The 2016 elections were dogged by questions about the integrity of our electoral system – from false claims that millions of people voted illegally – to legitimate concerns about the first election in fifty years without the protections of the Voting Rights Act. Also, there have been new worries about foreign actors interfering in our political process. During the primary season and in the general election, voters raised concerns about purged voter registration lists and long lines. In addition to the hacking of emails by Russian actors, there is also evidence that hackers attempted to penetrate state voter registration systems across the country. With plenty of challenges in election administration to address, why did a House Committee vote yesterday to eliminate the Elections Assistance Commission (EAC) – an agency tasked with evaluating and improving the efficiency and security of federal elections?

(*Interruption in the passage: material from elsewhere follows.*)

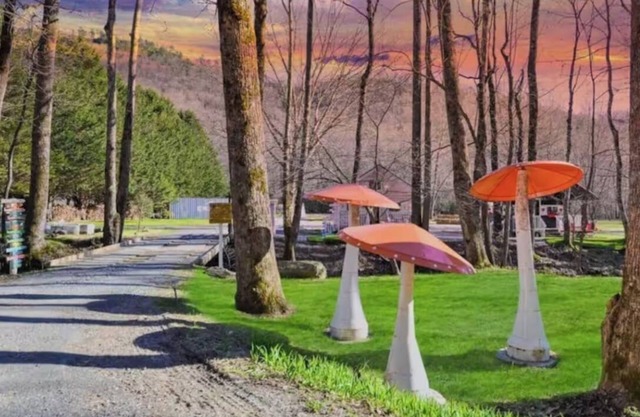Whimsical Sugar Shack in Blue Ridge with Stream, Lollipop Garden & Petting Zoo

One of the EAC’s primary tasks is to assess and certify the integrity of electronic voting systems to ensure that they are functional, accessible, and secure. The Commission accredits independent laboratories to test voting systems, and provides voluntary guidelines to the states for assessing the health of their voting systems. It also tracks problems with election systems, and creates accountability by providing public access to its reports and collecting and publishing data about election administration across the country. At a time when the public could use reassurance about the integrity of our elections, defunding the only federal agency devoted to secure election administration defies rational explanation. In a display of willful blindness to the public’s concerns, the sponsor of the bill to eliminate the EAC says he believes the agency has “outlived its usefulness and purpose.”

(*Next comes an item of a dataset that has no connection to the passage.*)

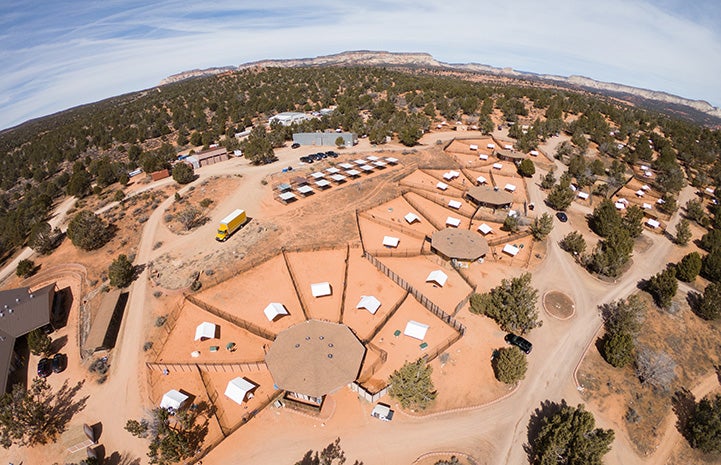 View from up in the sky in a drone looking down at Dogtown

In addition to its critical role in election security, the EAC also functions as a valuable clearinghouse of information for states, elections officials, Congress, and the public on election administration, voter registration, and voting. Every two years the EAC publishes the results of its Election Administration and Voting Survey and reports on the data collected to Congress. These reports, and the data on which they rely, provide critical insights to how states maintain their voter registration rolls, including tracking duplicate, invalid, and rejected registrations, and the notice given to applicants and registered voters of pending removal or other changes to their voter registration status. The reports provide data on how states transmit, receive, and count the ballots of overseas voters, including members of the military. Finally, the reports provide data related to Election Day practices and activities in the states, including turnout, precincts and polling places, early voting, and the use of provisional ballots.

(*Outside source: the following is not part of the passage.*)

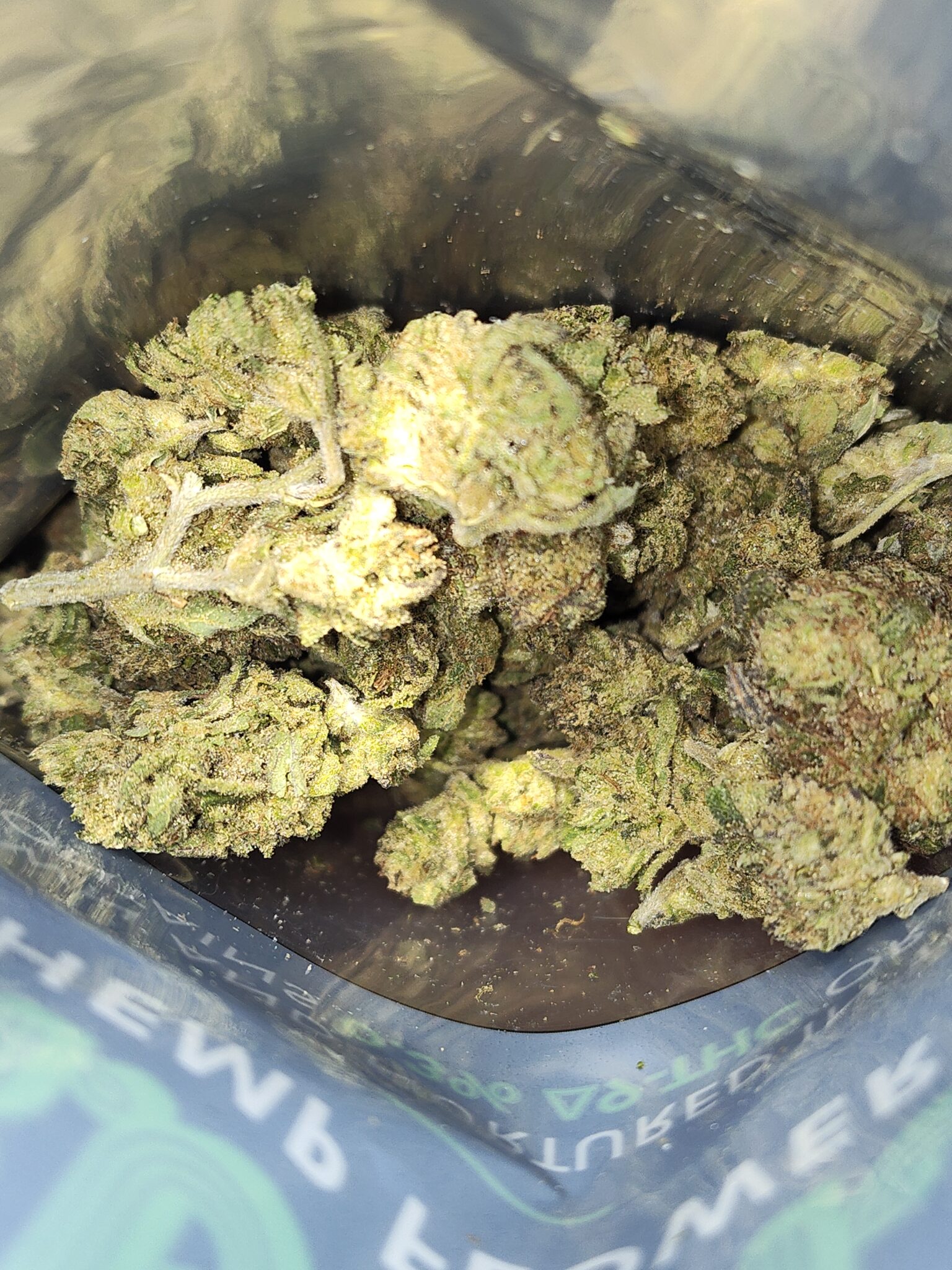 Image #2 from Daniel C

Voting and democracy experts are concerned about the likelihood that federal and state legislators will continue to use the “voter fraud” myth to justify further efforts to make it more difficult for Americans to vote. We face an administration obsessed with the nonexistent threat of widespread voter fraud, and an Attorney General nominee with a proven hostility to voting rights. Congress must be a check on this Administration’s attack on the integrity of our elections. Abolishing the EAC is a step backwards. The loss of vital information the EAC collects could allow Congress to quietly make it more difficult to track the impact of voter suppression laws while undercutting efforts to improve the security and reliability of our election technology.